Court Opinion

ID: 3264247
Source: CourtListenerOpinion
Date Created: 2016-07-05 16:34:01.66588+00
Date Added: 2024-06-11T13:59:54.158692
License: Public Domain

The Honorable Doug Wood State Representative Post Office Box 5606 North Little Rock, AR 72119
Dear Representative Wood:
This is in response to your request for an opinion regarding the constitutionality of our current public school system.  Your question is as follows:
     Our Constitution provides that the State shall maintain a general, suitable and efficient system of free schools.  Our current organizational system of public school education provides for support to fragmented school districts numbering 329 as of this year.  The aid provided to school children in each of these districts is oftentimes disproportionate to that being provided others.  I would like your opinion on whether or not our system complies with the Arkansas Constitution.
The recent history of our school finance system must be initially considered in response to your inquiry.  The system embodied in Act 1100 of 1979 and 1004 of 1975 was declared unconstitutional in the case of DuPree v. Alma School Dist. No. 30, 279 Ark. 340,651 S.W.2d 90 (1983).  The current system, contained in Act 34 of the First Extraordinary Session of 1983, as amended (A.C.A. 6-20-301, et seq.) was enacted as a means of implementing a constitutional system of school finance for Arkansas schools, in response to the Supreme Court's mandate that the state financing system be altered to provide greater equalization among districts.  DuPree v. Alma,279 Ark. at 346.
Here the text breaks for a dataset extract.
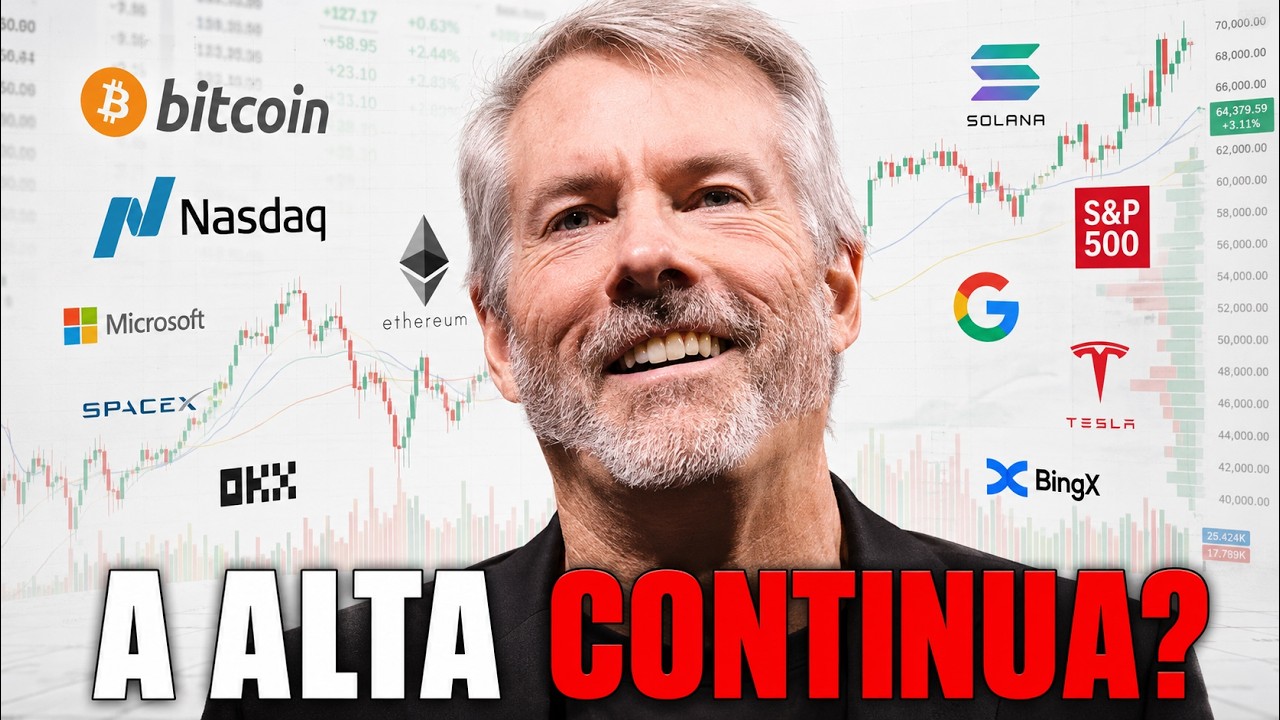 A ALTA VAI CONTINUAR?  BITCOIN, SP500, NASDAQ, XAU, FOREX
We cannot conclude that the fragmented nature of the districts and the existence of varying amounts of aid necessarily reflect a constitutionally deficient finance system.  The current revised system must be presumed constitutional, particularly in the absence of a showing that the system bears no rational relationship to the educational needs of the individual districts. See, generally, DuPree v. Alma, supra.  I am aware of no such challenge to the current system.  We must in this instance cite to the presumption of constitutionality that attends each legislative enactment.  The Arkansas Supreme Court has expressed this presumption as follows:
     In approaching every question pertaining to the constitutionality of an act of the legislative branch, the judiciary must always keep certain basic principles in mind, all of which are essential to the welfare of the checks and balances provided by the American tripartite system of government.  The first of these is that the legislature's power is limited only by the state and federal constitutions.  (Citations omitted.)  The next is that a presumption of constitutionality attends every such act. (Citations omitted.)  All doubt must be resolved in favor of constitutionality. (Citations omitted.)  Another principle is that if it is possible for the courts to so construe an act that it meets the test of constitutionality, they not only may, but should and will, do so.  (Citations omitted.) Another way of stating this elementary rule is that every reasonable construction must be resorted to in order to save the statute from unconstitutionality. (Citations omitted.)
Stone v. State, 254 Ark. 1011, 1013, 498 S.W.2d 634 (1973)
The foregoing opinion, which I hereby approve, was prepared by Assistant Attorney General Elisabeth A. Walker.